BenchPar - A benchmark utility with parallelization capabilities

BenchPar is a commandline utility that make benchmarks on three different algorithms; matrix, scan and convolution, using both cpu and gpu parallelization capabilities of the host system. Beside it can also benchmark power consumption if necessary modules exists in the system.

Requirements

Basically binutils is the only dependency that the utility needs, however based on the configuration and working mode, additional modules, devices and cpu capabilities should be supported by the system.

Compilation

The compile process can be divided into two parts;

Native : Basically first it is needed to precompile for makefile generation with cmake tool. Then standard Make compile can be processed.

~/bankor $ mkdir build
~/bankor $ cd build
~/bankor/build $ cmake ..
~/bankor/build $ make

CrossCompile : If the compilation aims for nodes running on Linux based embedded computers then external toolchain (currently only arm supported) and GNU make based compile platform is used. Toolchain path should be updated in Makefile with TOOLCHAIN_PATH definition. It is only needed to define the target platform through parameter

~/bankor $ make pi 			#Raspberry pi v1
~/bankor $ make c15			#Arm Cortex A15 optimized compilation
~/bankor $ make c9			#Arm Cortex A9 optimized compilation
~/bankor $ make c8			#Arm Cortex A8 optimized compilation
~/bankor $ make c7			#Arm Cortex A7 optimized compilation
~/bankor $ make arm			#Generic Arm compilation
~/bankor $ make cmd			#Console based compilation for x86_64

Execution

Utility can be executed from any linux shell. It has three main working modes;

Benchmark : Runs the predefined algorithms with several options.
Query : Checks the GPU capability. Triggered with -q parameter.
Help : Prints the parameter usage. Triggered with -h parameter.
Create : Creates sample files to be tested with algorithms. Triggered with -c parameter.

Benchmark mode parameters

Algorithm : Benchmark can be run using three different algorithms. Algorithm can be selected with -a parameter together with the desired algorithm parameter; m for matrix, s for scan and c for convolution
Print : Algorithm outputs can be saved to a file if enabled. Print state can be selected with -p parameter together with the on or off parameter. Disabled by default.
Timestamp : Normally only the minimum, maximum and total times spend on the whole benchmark is logged, with this parameter timestamps in every repeat state can also be logged. Timestamp state can be selected with -t parameter together with the on or off parameter.
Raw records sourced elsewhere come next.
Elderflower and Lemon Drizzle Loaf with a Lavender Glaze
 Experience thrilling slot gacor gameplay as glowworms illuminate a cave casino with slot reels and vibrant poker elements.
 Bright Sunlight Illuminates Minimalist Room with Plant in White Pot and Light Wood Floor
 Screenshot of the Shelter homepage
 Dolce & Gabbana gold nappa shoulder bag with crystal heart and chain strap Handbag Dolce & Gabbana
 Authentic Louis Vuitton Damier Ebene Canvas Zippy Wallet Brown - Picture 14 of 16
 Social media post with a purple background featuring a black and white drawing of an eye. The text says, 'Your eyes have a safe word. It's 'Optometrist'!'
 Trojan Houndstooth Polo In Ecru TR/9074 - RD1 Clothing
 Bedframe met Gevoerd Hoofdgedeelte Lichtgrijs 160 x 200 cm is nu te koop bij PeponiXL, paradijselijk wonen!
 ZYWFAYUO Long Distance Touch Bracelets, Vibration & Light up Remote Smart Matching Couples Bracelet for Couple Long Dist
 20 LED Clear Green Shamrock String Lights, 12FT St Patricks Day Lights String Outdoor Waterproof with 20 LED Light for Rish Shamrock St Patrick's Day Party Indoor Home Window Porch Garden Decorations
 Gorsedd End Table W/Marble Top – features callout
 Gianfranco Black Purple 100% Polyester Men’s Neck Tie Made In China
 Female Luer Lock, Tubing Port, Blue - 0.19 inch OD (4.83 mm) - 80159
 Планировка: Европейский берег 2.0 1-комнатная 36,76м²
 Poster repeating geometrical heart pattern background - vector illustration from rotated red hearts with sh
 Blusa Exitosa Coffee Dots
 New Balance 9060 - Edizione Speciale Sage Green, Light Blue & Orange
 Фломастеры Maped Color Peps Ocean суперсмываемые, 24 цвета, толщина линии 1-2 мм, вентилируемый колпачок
Disabled by default.
Repeat : Specifies the repeat count of the selected algorithm. Limited to max 2000000. Default count is 1.
Power : Enables the power consumption measurements of the running becnhmark. Five different power measurement types are supported. Default state is off
- msr: Initiates the power consumption measurement through MSR registers of the CPU.
- perf: Initiates the power consumption measurement with PERF events in the RAPL Domains.
- ina: Initiates the power consumption measurement with Texas Instruments INA231 chipset. (Used HardKernels XU4 board)
- spc: Initiates the power consumption measurement using HardKernels Smart Power with calculation method using the data gathered in every 250ms.
- spr: Initiates the power consumption measurement using HardKernels Smart Power with using devices' own calculation unit.
- off: Disables the power consumption measurement.
Run Mode: One of the predefined algorithm modes can be selected with this parameter. Values are defined between 0-6
- matrix:
  - CPU based calculations ->
    - 0 : standard,
    - 1 : tile based (tile size: 32),
    - 2 : other tile based, (tile size: 32),
    - 3 : tile based with openmp enabled. (tile size: 32),
  - GPU based calculations ->
    - 4 : standard,
    - 5 : vectorized with float size 4,
    - 6 : and vectorized with float size 8.
- scan:
  - CPU based calculations ->
    - 0 : standard,
    - 1 : using intels AVX registers,
    - 2 : using intels SSE registers,
    - 3 : using intels SSE registers with openmp enabled.
  - GPU based calculations ->
    - 4 : standard
- convolution:
  - CPU based calculations ->
    - 0 : standard,
    - 1 : openmp enabled.
  - GPU based calculations ->
    - 2 : standard using same worksizes for rows and columns,
    - 3 : vectorized with float size 4,
    - 4 : using separate worksizes for rows and columns.
Sequencial Mode: Run multiple modes sequencially with parameters;
- a : run all modes
- c : run only cpu specific modes
- g : run only gpu specific modes
Sanity Mode: Runs other mode different from the main running mode and compares the results if they are same. Used mostly for debug purposes to test the algorithm working correctly. If main running mode selected as a or c or g then sanity mode is forced to disabled. Default mode is disabled.

Create mode parameters

Each algorithm has its own creation process.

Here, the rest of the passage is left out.